Title: Consistently-Detecting Monitors
Monitors are computational entities that observe the executions of other entities (systems) with the aim of accruing system information, comparing system executions against some behavioural specification, or reacting to the observed system executions via adaptation or enforcement procedures. Monitors are typically considered to be part of the Trusted Computing Base and, consequently, their descriptions are expected to be correct. A correctness requirement often presumed of monitors is that they should exhibit deterministic behaviour. Yet, for most monitoring frameworks, such a requirement is seldom specified in unambiguous terms or shown to hold.
In this talk, I present a study of a contextual definition for deterministic monitoring based on the observed behaviour of a monitor (i.e., detections) when it is instrumented over arbitrary systems. I give an alternative, coinductive definition based on the notion of controllability which does not rely on system quantifications, and show that it is fully-abstract with respect to the former definition. I then present the development of a symbolic counterpart to the controllability definition that facilitates an automated analysis for controllable monitors involving data.

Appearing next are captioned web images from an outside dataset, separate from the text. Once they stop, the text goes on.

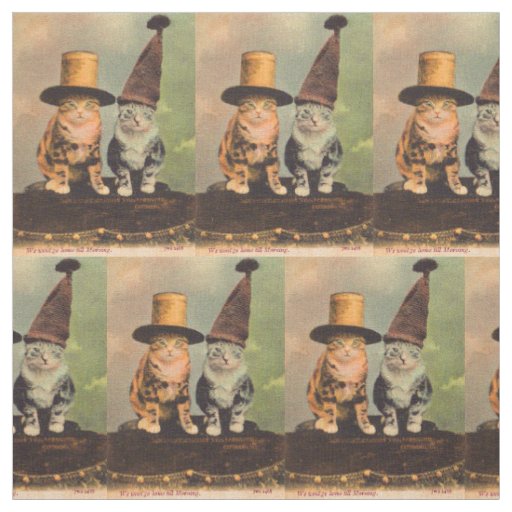 circa 1900 cats in hats RPPC Fabric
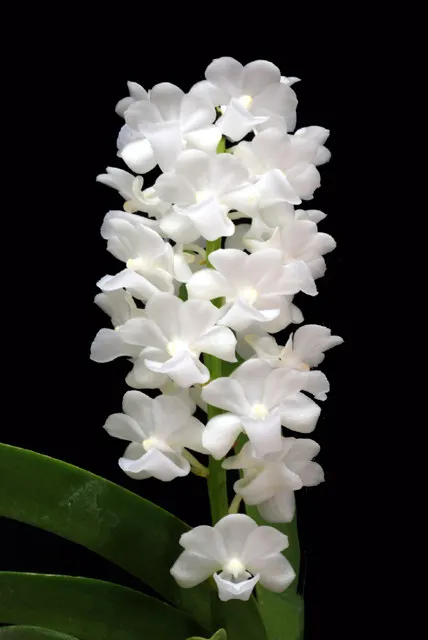 Rhynchostylis coelestis var alba (Rhynchostylis)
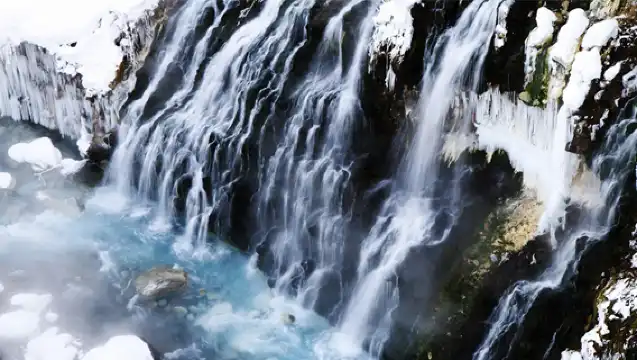 9人小團／巴士團丨北海道旭川美瑛一日遊|四季彩丘+聖誕樹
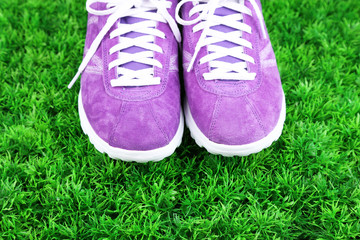 Beautiful gumshoes on green grass on bright background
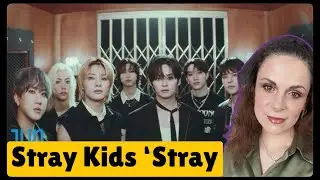 Stray Kids ‘Stray Kids’ MV/ REACTION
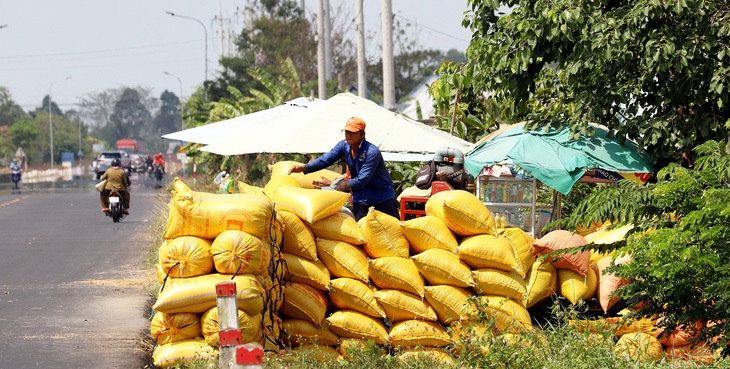 Nông dân Đồng bằng sông Cửu Long thu hoạch lúa đông xuân - Ảnh: CHÍ QUỐC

Adrian Francalanza obtained his PhD from Sussex University, working on co-inductive theories for partial-failure and fault tolerance in a distributed pi-calculus. During his post-doctorate, he worked on ownership types for object-oriented languages at Imperial College, and then on separation-based logics for message-passing languages at Southampton University. Since arriving at the University of Malta, he worked on various aspects related to runtime verification. He has studied the monitorability of various system specifications, investigated compositional theories for monitors, and developed analysis tools for languages such as Erlang, Java and C. He also worked on developing substructural type systems for concurrent programs with explicit memory allocation and deallocation, and studied typed behavioural theories induced by these type systems.